The problem: In your copy, each record should read exactly as it does below, and no pictures should be present.

(Short text fragments from websites)
——————————

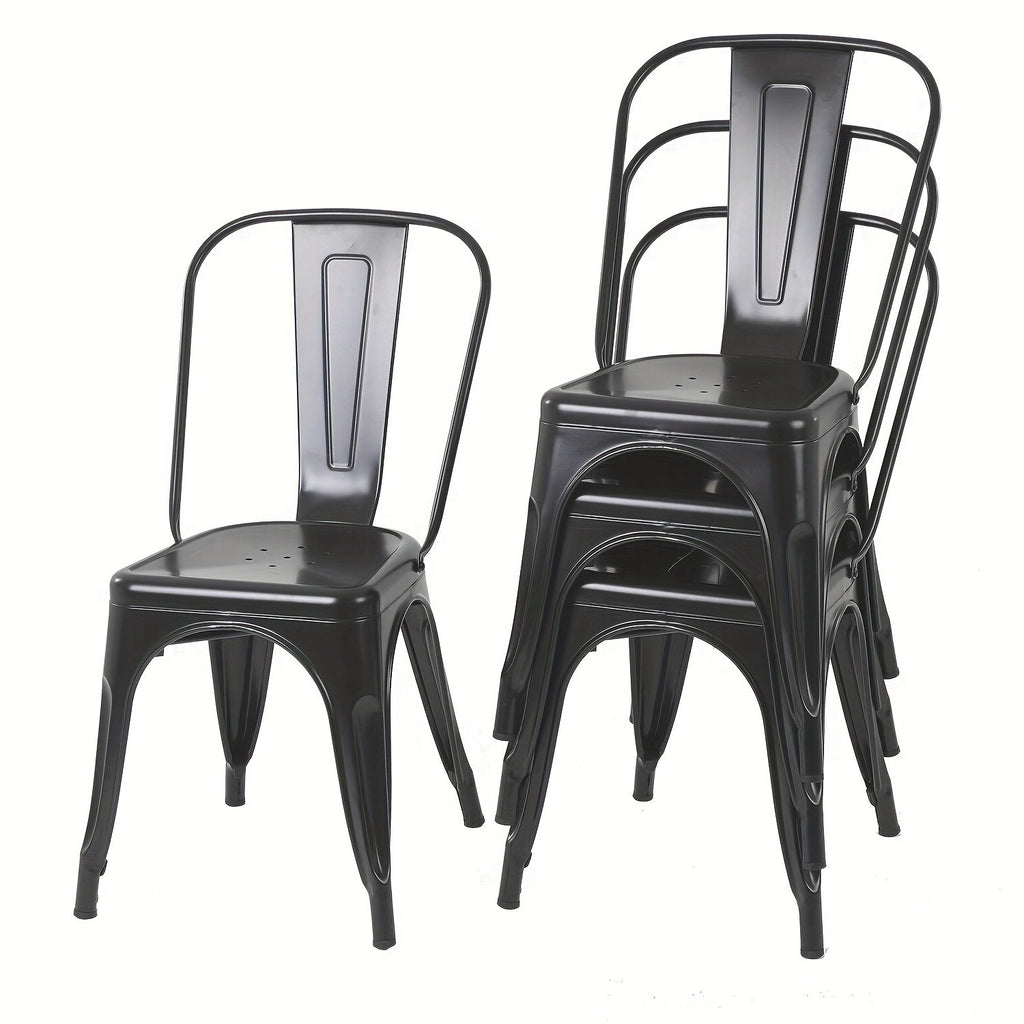 Four-Pack Metal Dining Chair Set with Stackable Slat-Back Design, Drain Holes and Seven Color Options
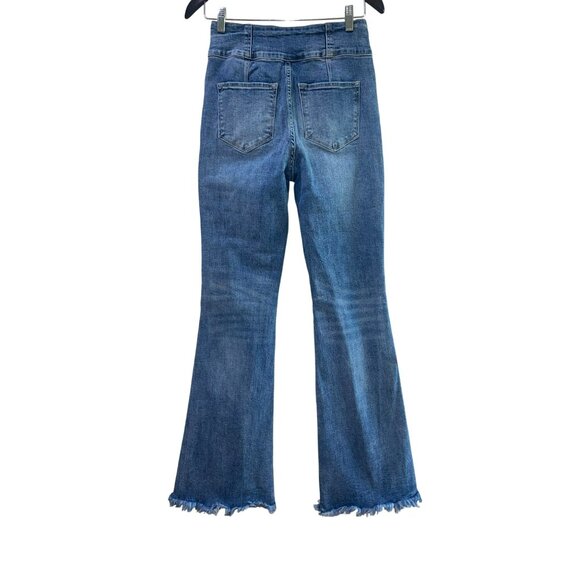 KanCan Womens Distressed Flare Durkin Jeans High Rise Raw Hem Size 7/27 BOHO - Picture 7 of 11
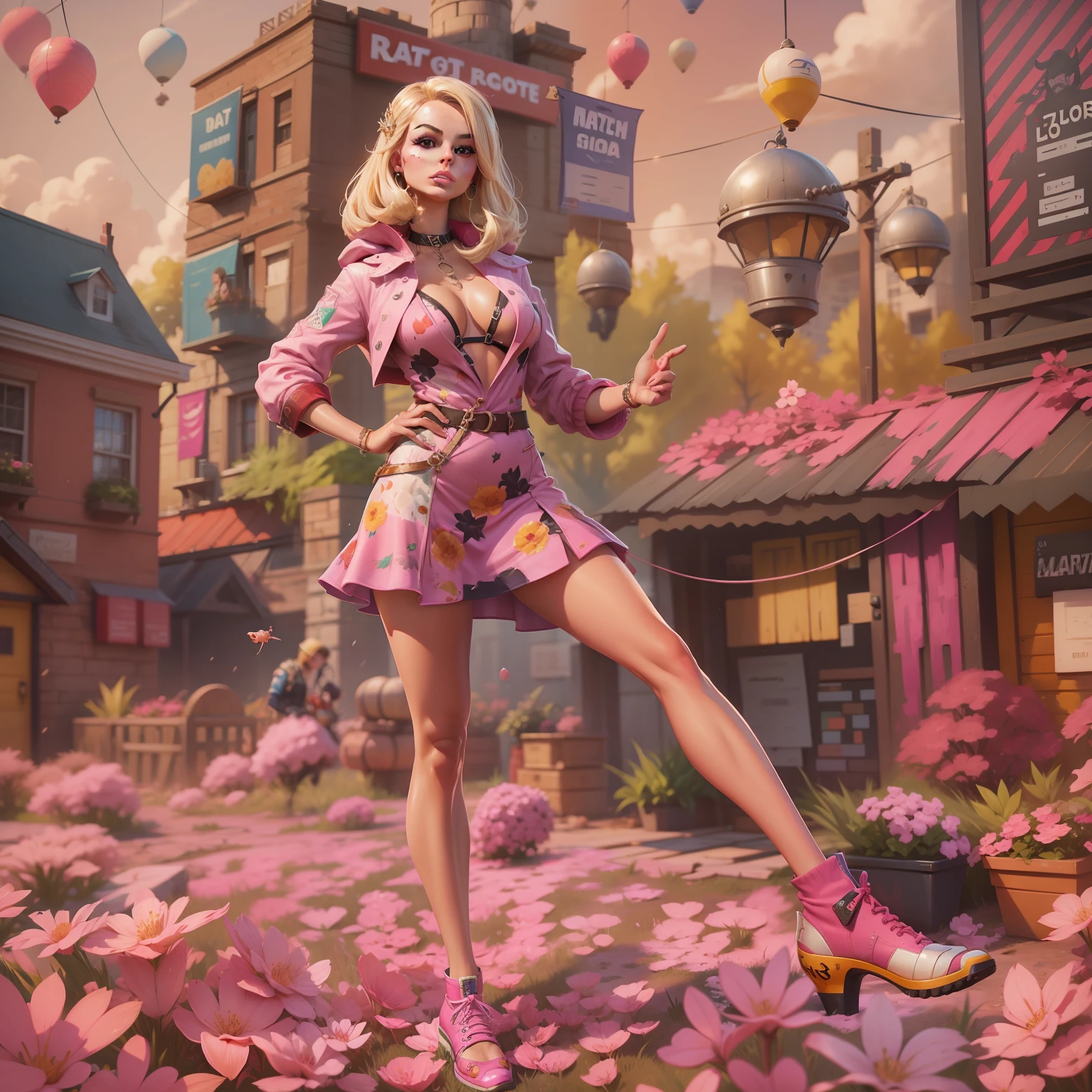 Margot Robbie as Barbie in the Fortnite Game Aesthetics, verstindo um vestido rosa com renda e babadinhos, sapatos de salto alto, segurando uma picareta rosa e uma pistola amarela, peitos pequenos, No hypersexualization, splash art oficial da barbie no fortnite, mapa do jogo fortnite como fundo.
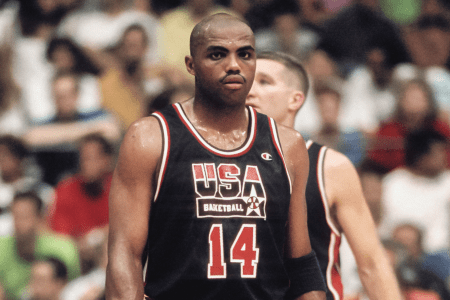 Dream Teamer Charles Barkley on the court game against Puerto Rico in Barcelona in 1992.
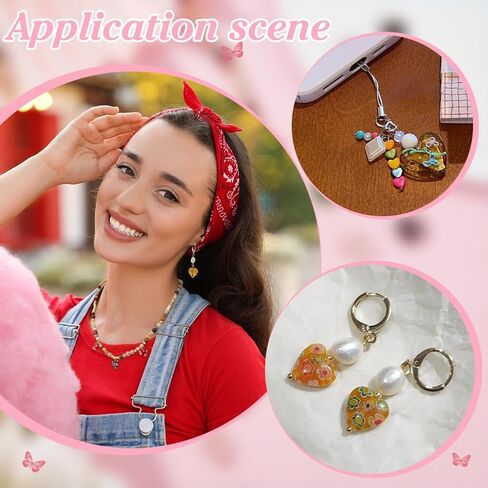 PH PandaHall 24pcs 8 Colors Millefiori Lampwork Glass Pendants 16mm Heart Pendants Colorful Loose Dangle Charms with Iron Loop for Jewelry Bracelet Neclace Choker Crafts Making in Kuwait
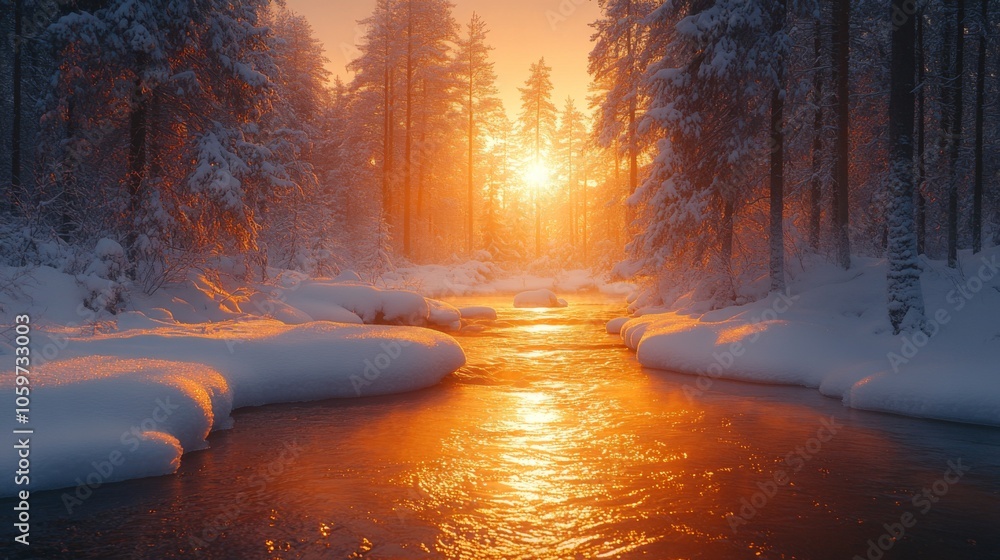Poster soft golden light spills over the snowy landscape as a river weaves through the tranquil forest, ill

——————————

Completed task:
 Four-Pack Metal Dining Chair Set with Stackable Slat-Back Design, Drain Holes and Seven Color Options
 KanCan Womens Distressed Flare Durkin Jeans High Rise Raw Hem Size 7/27 BOHO - Picture 7 of 11
 Margot Robbie as Barbie in the Fortnite Game Aesthetics, verstindo um vestido rosa com renda e babadinhos, sapatos de salto alto, segurando uma picareta rosa e uma pistola amarela, peitos pequenos, No hypersexualization, splash art oficial da barbie no fortnite, mapa do jogo fortnite como fundo.
 Dream Teamer Charles Barkley on the court game against Puerto Rico in Barcelona in 1992.
 PH PandaHall 24pcs 8 Colors Millefiori Lampwork Glass Pendants 16mm Heart Pendants Colorful Loose Dangle Charms with Iron Loop for Jewelry Bracelet Neclace Choker Crafts Making in Kuwait
Poster soft golden light spills over the snowy landscape as a river weaves through the tranquil forest, ill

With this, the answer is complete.